La partnership, se effettiva, porterebbe TIM più vicina all’acquisizione di Open Fiber e della sua rete a banda larga.

TIM: vicino l'accordo con KKR?

Vola in Borsa TIM facendo registrare un aumento di circa il 3% dopo che si sono diffuse le voci di un possibile accordo tra la società diretta da Luigi Gubitosi ed il fondo di private equity KKR: secondo indiscrezioni l’azienda di telecomunicazioni italiane sarebbe pronta a firmare una partnership con quest’ultimo per poi procedere all’acquisto di Open Fiber. Un’operazione che poterebbe investimenti anche nella rete secondaria di Tim.
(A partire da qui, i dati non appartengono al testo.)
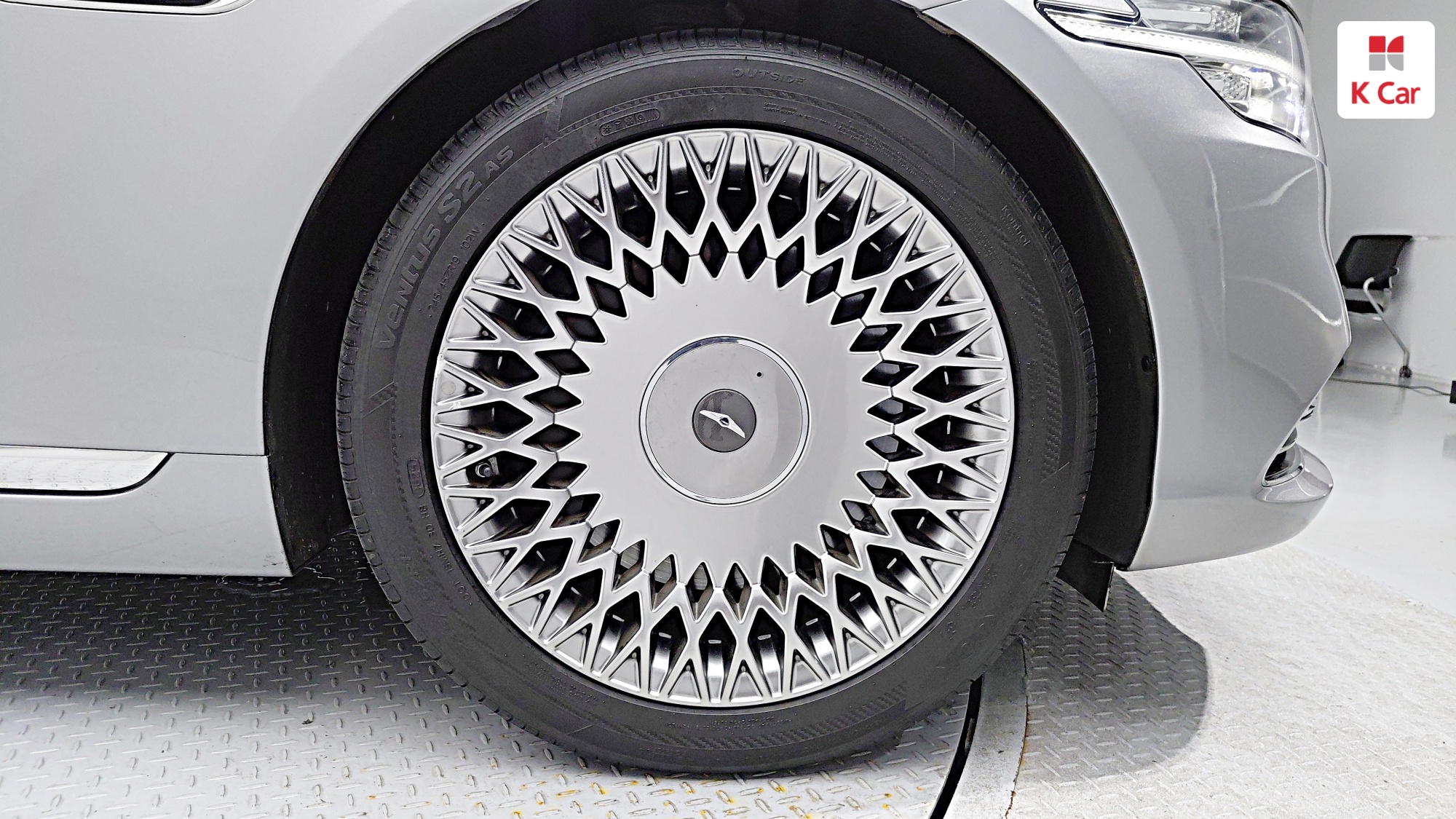 Genesis G90 бензин 4WD 3.8 Premium, миниатюра 7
Accordo TIM–KKR propedeutico per acquisizione Open Fiber

KKR sarebbe interessato ad ampliare il suo raggio di azione anche per ciò che concerne, magari con una quota di minoranza, quella porzione di rete che va dai cabinet fino alle abitazioni, che viene per l’appunto definita secondaria e che è stata valutata da Bloomberg tra i 7 ed i 7 miliardi e mezzo.

TIM è in contatto con diversi fondi infrastrutturali da settimane, ma KKR sarebbe quello con il quale vi sarebbe maggiore affiatamento e sarebbe possibile dare vita a una collaborazione, al fine di acquisire Open Fiber e realizzare finalmente in Italia una infrastruttura di rete unica in fibra come auspicato negli anni passati anche dallo Stato. È importante ricordare che Open Fiber è una partecipata al 50% da Enel e al 50% da Cdp Equity ed è un operatore infrastrutturale il cui fine è quello di realizzare la rete a banda ultralarga in fibra ottica.
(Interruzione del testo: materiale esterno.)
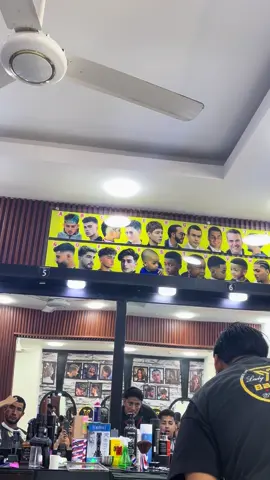 #peluqueria #ecuador🇪🇨 #paratiiiiiiiiiiiiiiiiiiiiiiiiiiiiiii #danielnoboa #viralvideos #f #humor #putavibra #rafaelcorrea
Enel contraria a vendita quote in suo possesso

TIM e KKR vorrebbero, secondo le indiscrezioni di Bloomberg, acquisire insieme Open Fiber: un obiettivo non facile da perseguire per via delle reticenze del Ceo di Enel Francesco Starace nel cedere le quote del suo gruppo.

Da una parte vi è quindi Cassa Depositi e Prestiti che negli ultimi anni non ha mai fatto mistero di voler trovare un accordo con la società di Gubitosi mentre dall’altra vi è una delle maggiori aziende di energia elettrica italiane che non intende vendere la propria parte.
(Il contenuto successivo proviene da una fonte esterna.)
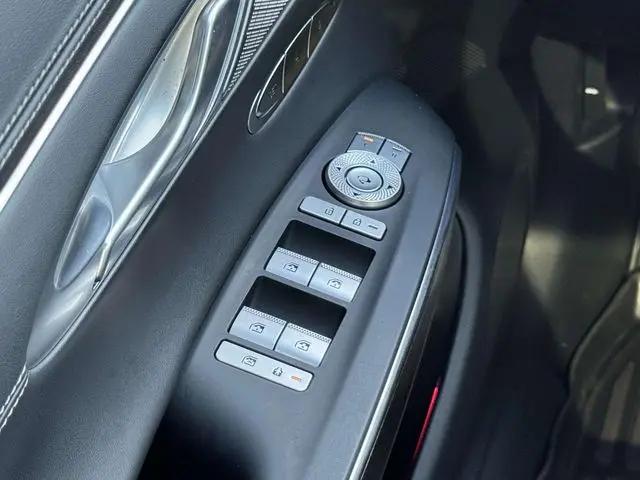 2023 Genesis GV70 2.5T AWD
Sono diversi gli analisti che vedono come positiva l’eventuale partnership tra TIM e KKR: sebbene gli ostacoli all’acquisto di Open Fiber non sparirebbero, come sottolineano gli esperti di Equita Sim, “il dossier avrebbe un’inattesa accelerazione e l’ingresso di KKR costituirebbe un passaggio intermedio comunque positivo”, perché in grado potenzialmente di far emergere un altro asset “su cui c’é disallineamento tra multipli del gruppo e multipli degli asset controllati”.

Tutto questo porterebbe ad una valutazione dell’asset della rete a 10 volte il rapporto Enterprise Value/ebitda e farebbe emergere circa 3,5 miliardi di extra valore per il gruppo insieme a ipotesi realiste di consolidamento di ulteriori sinergie che condurrebbero a un tanto auspicato miglioramento del bilancio di TIM.